Recep ÇALIŞKAN-Neval AKYÜZ/YENİGÜN HABER - 12 Eylül 1980 darbesinin üzerinden 43 yıl geçti. Türkiye'yi yarım asır geriye götüren darbe, demokrasi tarihinin kara lekesi olarak hala hafızalarda. Darbenin yıl dönümünde Diyarbakır 5 Nolu Cezaevi önünde bir araya gelen sivil toplum kuruluşları sivil anayasa çağrısında bulundu. Sivil toplum kuruluşlarının hazırladığı açıklamayı okuyan İnsan Hakları Derneği Diyarbakır Şubesi Başkanı Ercan Yılmaz, 12 Eylül 1980 tarihinde gerçekleştirilen askeri darbenin üzerinden tam 43 yıl geçtiğini hatırlatarak, bu askeri darbe neticesinde idamların, işkence ve kötü muamele yasağını ihlal eden politika ve uygulamalar yaşandığına dikkat çekti.

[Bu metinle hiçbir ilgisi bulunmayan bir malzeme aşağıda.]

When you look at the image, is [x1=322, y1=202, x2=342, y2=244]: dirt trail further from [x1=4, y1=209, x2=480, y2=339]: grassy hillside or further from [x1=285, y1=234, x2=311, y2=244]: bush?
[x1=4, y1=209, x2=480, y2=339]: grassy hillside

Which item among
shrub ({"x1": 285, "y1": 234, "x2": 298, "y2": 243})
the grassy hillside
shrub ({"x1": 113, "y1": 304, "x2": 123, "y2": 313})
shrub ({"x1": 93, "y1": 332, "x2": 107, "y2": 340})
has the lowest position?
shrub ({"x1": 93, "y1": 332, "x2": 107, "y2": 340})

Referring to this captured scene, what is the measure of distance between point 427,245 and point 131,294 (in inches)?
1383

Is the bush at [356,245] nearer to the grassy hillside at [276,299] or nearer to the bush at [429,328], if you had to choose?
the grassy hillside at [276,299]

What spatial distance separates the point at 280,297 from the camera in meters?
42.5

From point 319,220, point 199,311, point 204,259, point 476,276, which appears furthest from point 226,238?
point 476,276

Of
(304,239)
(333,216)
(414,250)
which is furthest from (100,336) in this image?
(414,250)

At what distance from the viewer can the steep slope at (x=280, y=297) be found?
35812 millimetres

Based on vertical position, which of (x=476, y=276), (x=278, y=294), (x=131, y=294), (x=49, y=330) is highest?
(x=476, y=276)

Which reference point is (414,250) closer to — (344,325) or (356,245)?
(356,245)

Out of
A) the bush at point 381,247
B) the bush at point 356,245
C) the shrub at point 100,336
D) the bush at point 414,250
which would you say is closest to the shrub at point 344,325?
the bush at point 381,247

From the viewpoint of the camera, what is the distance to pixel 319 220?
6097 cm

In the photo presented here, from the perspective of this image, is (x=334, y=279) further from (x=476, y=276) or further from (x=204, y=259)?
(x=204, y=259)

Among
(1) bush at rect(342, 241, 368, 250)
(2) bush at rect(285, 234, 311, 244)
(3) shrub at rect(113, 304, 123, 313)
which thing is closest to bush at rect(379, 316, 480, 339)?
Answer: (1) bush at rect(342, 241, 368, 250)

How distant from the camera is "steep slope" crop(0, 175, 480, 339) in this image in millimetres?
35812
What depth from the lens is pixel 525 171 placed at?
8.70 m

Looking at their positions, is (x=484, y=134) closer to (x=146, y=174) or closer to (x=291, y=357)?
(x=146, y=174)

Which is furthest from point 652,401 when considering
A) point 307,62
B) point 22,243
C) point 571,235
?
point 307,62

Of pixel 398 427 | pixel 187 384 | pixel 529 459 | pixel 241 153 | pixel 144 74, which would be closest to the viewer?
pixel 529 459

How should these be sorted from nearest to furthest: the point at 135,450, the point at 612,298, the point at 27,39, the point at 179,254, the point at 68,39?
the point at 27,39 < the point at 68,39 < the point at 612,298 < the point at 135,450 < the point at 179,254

‘YÜZLEŞME VE HESAPLAŞMA SAĞLANMADI’
12 Eylül darbesini yapanların yargılanmalarına yönelik bir netice alınmadığını söyleyen Yılmaz, “Sonraki süreçte 12 Eylül darbesinde aktif olarak yer alanlar hakkında yargılama süreci başlatıldıysa da adaleti tesis etme çabasından uzak bu yargılama sonucunda herhangi bir neticeye ulaşılamadı. Aradan geçen 43 yıla rağmen darbe ile gerçek bir yüzleşme ve hesaplaşma sağlanmadığından dolayı ne yazık ki 12 Eylül rejimi, tüm kurumlarıyla beraber halen kendini var etmeye devam etmektedir. 43 yıldır ülke darbe Anayasası ve o dönemde yapılan yasa ve yönetmeliklerle yönetilmektedir. Darbe ürünü olarak hayatımıza giren YÖK ve RTÜK gibi kurumlar günümüzde de varlıklarını sürdürmekte; darbe döneminde sendikal hak ve özgürlüklere getirilen kısıtlamalar devam etmektedir. Yine darbe ürünü olarak Kürtlerin sivil siyasete girmelerini engellemeyi amaçlayan seçim barajı gibi antidemokratik uygulamalar da halen yürürlüktedir” dedi.
‘ÜLKENİN ANTİDEMOKRATİK YÖNTEMLERLE DAHA FAZLA YÖNETİLEMEYECEĞİ ORTADADIR’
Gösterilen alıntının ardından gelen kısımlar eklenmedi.